Client-side vs. server-side discovery:

	Client-Side	Server-Side
Who resolves	Each service	Load balancer / gateway
Example	Consul + client library	AWS ALB, Kubernetes Service
Complexity	Higher (each service implements)	Lower (transparent)
Flexibility	More control	Less control

In Kubernetes, prefer server-side discovery — Services and DNS handle it for you.

Health checks are required: Discovery without health checks routes traffic to dead instances.

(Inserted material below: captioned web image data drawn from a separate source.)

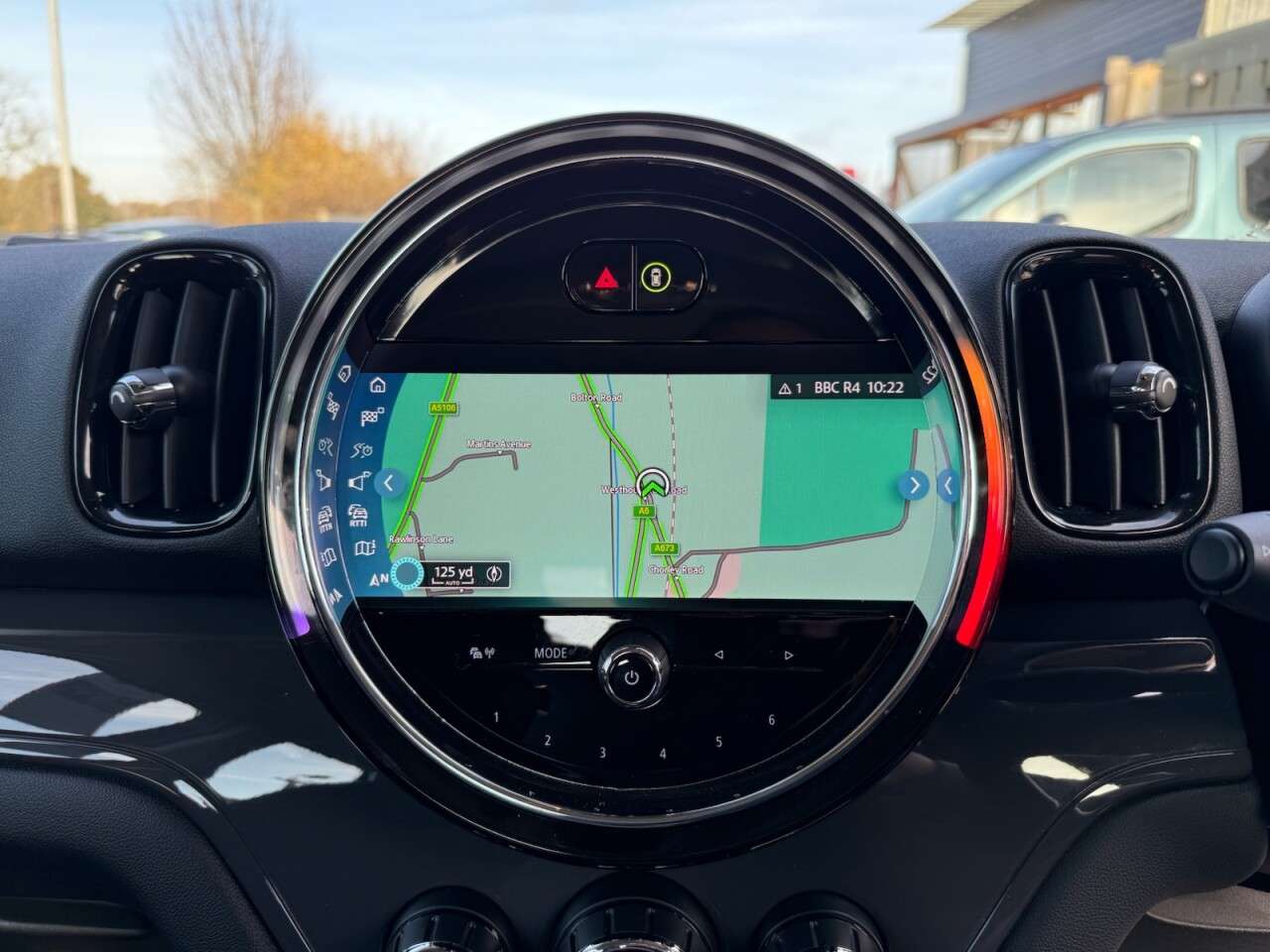 2022 MINI COUNTRYMAN 2022 MINI COUNTRYMAN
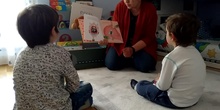 LECTURA COMPARTIDA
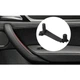 Внутрішня ручка правих передніх дверей BMW X3 F25 / X4 F26 (2010–2017) | Ручка пасажирських дверей БМВ - зображення 2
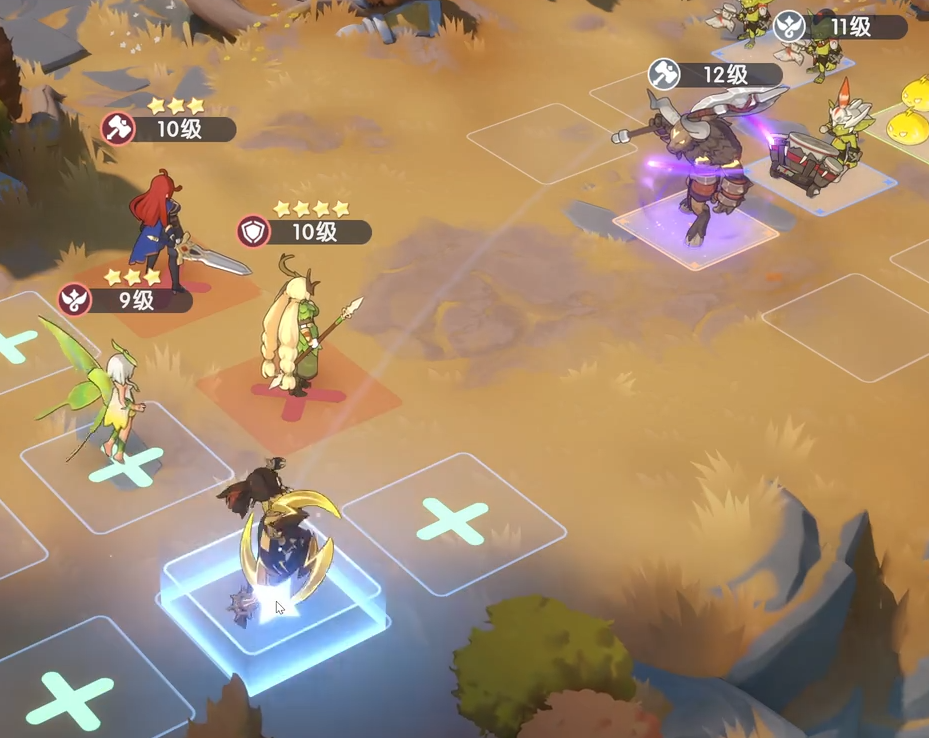 Dragon Soul Traveler Review and Gameplay Details Explained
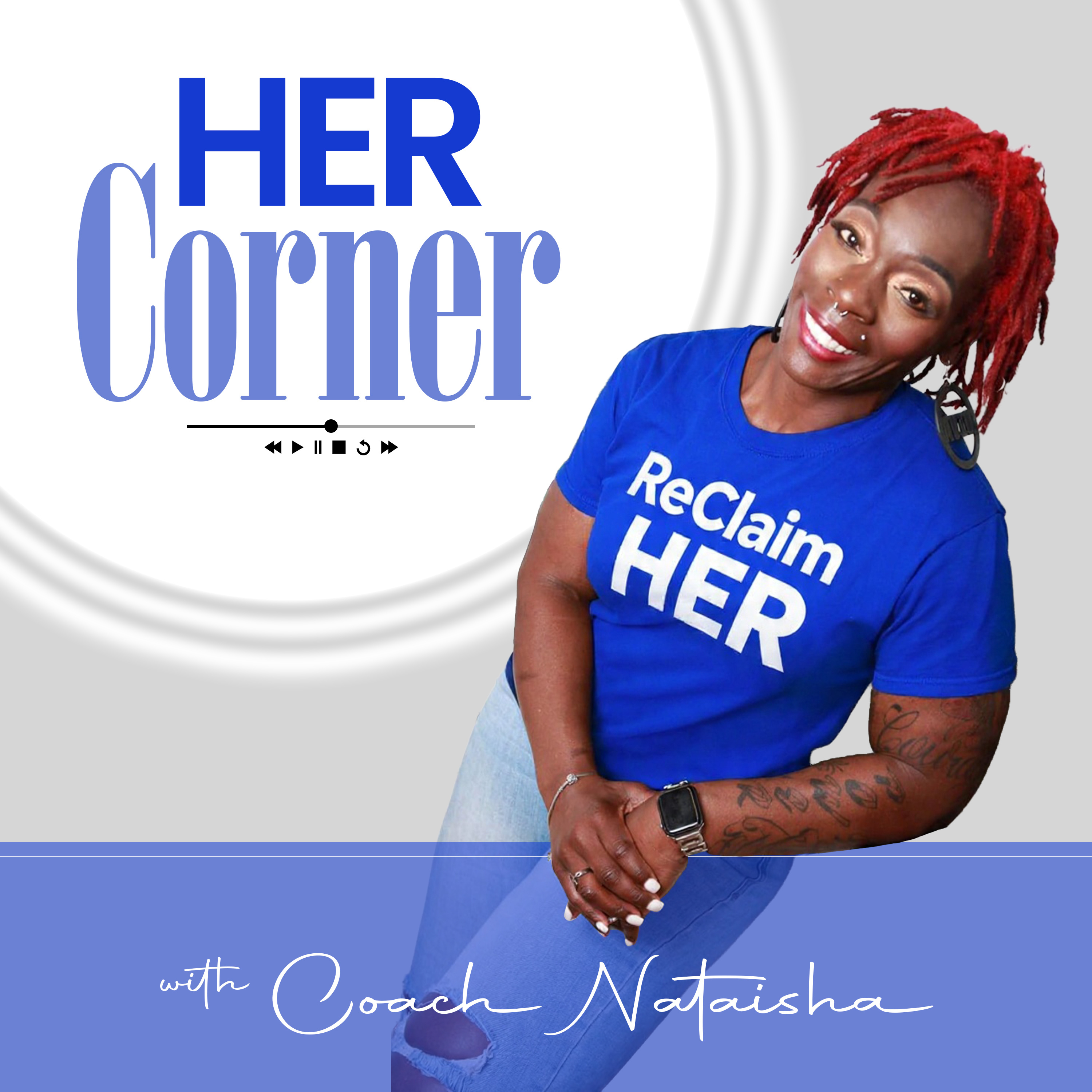 HER Corner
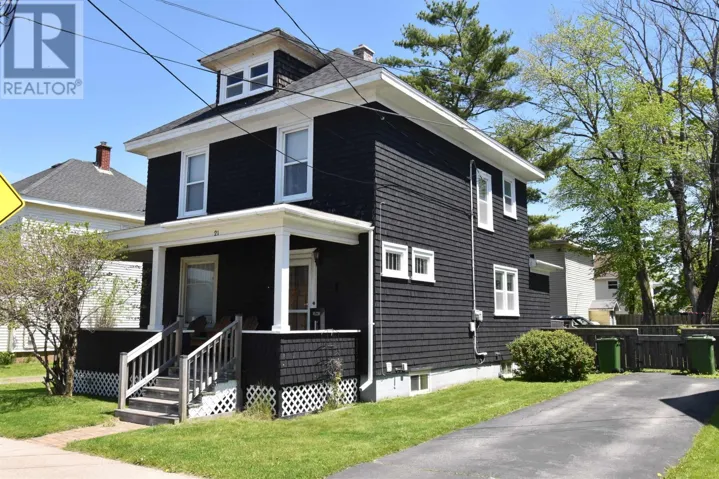 21 COTTAGE Street, Truro, Nova Scotia B2N4P5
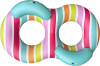 Swim Essentials - Dobbelt Badering - Fra 6 År - 160 Cm - Farvesus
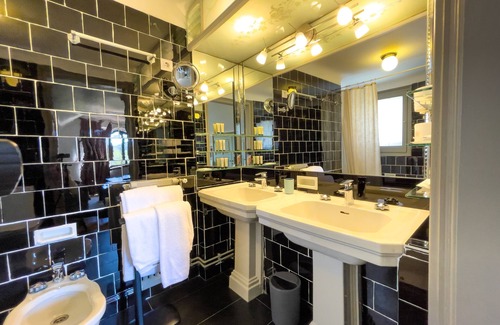 Ribes De Freser Hotel | Angelats Hotel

Register health check endpoints and ensure Consul/k8s removes unhealthy instances quickly (see

microservices-health-check

skill).

Anti-patterns:

Hardcoding service IPs or hostnames — breaks on any deployment change
Resolving service addresses on every request without caching — hammers the registry
No graceful deregistration on shutdown — registry keeps routing to the dead instance until health check catches it

Environment variable pattern for configuration:

// Use environment variables for service URLs in all environments
// Development: http://localhost:8081
// Staging/Production: http://order-service (Kubernetes DNS)
const ORDER_SERVICE_URL = process.env.ORDER_SERVICE_URL;
if (!ORDER_SERVICE_URL) throw new Error('ORDER_SERVICE_URL is required');

Source

microservices.io/patterns/service-registry.html

Process

Read the instructions and examples in this document.
Apply the patterns to your implementation, adapting to your specific context.
Verify your implementation against the details and edge cases listed above.

Harness Integration

Type: knowledge — this skill is a reference document, not a procedural workflow.
No tools or state — consumed as context by other skills and agents.

Success Criteria

The patterns described in this document are applied correctly in the implementation.
Edge cases and anti-patterns listed in this document are avoided.